**Problem description**
Omitting the pictures, print every line below exactly as it stands.

**Provided data**
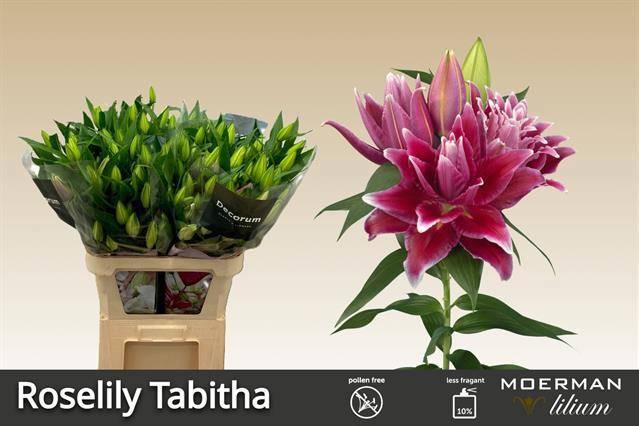 Срезанные цветы оптом Lilium or dbl roselily tabitha от 30шт из Голландии с доставкой по России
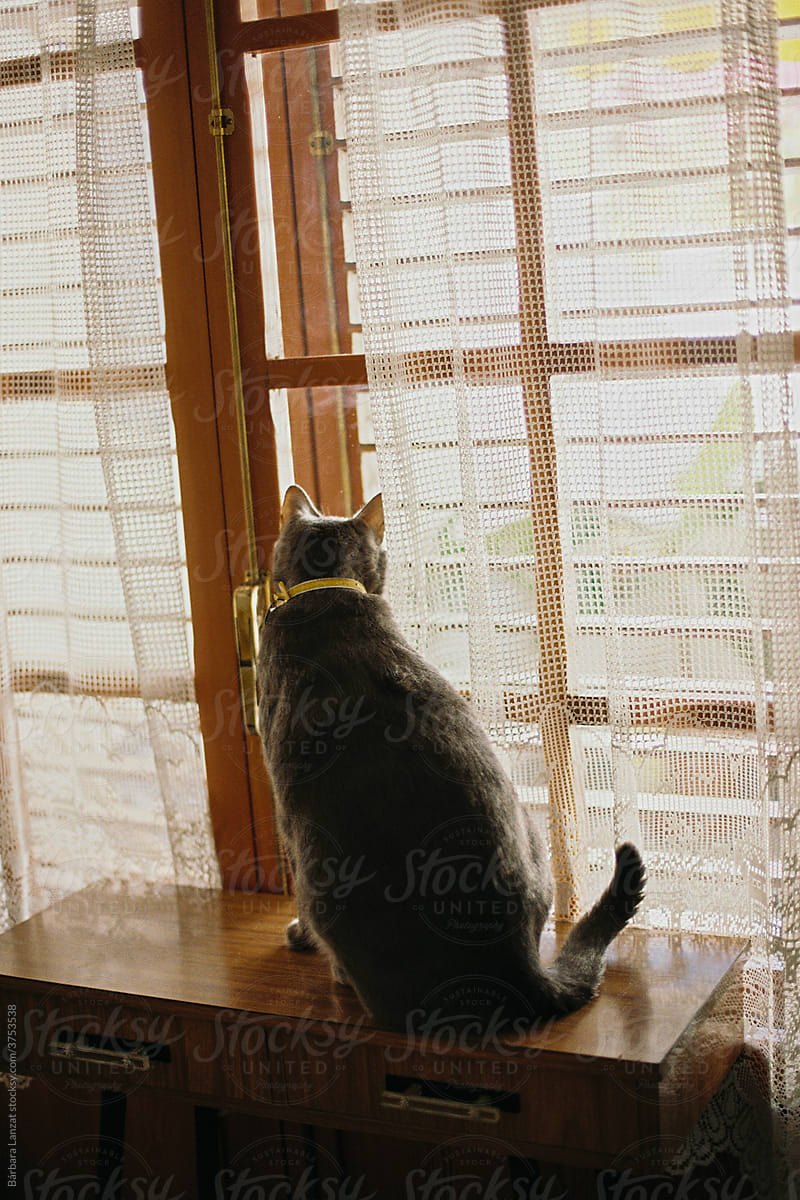 Gray cat in the window.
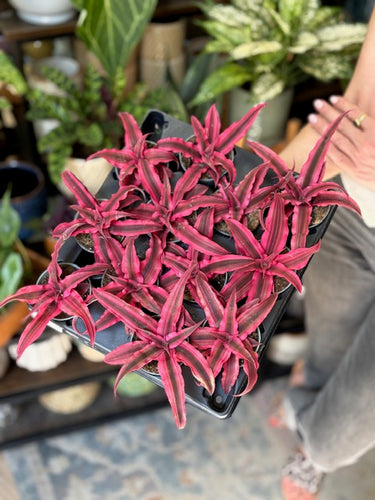 Cryptanthus bivittatus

**Answer below**
 Срезанные цветы оптом Lilium or dbl roselily tabitha от 30шт из Голландии с доставкой по России
 Gray cat in the window.
 Cryptanthus bivittatus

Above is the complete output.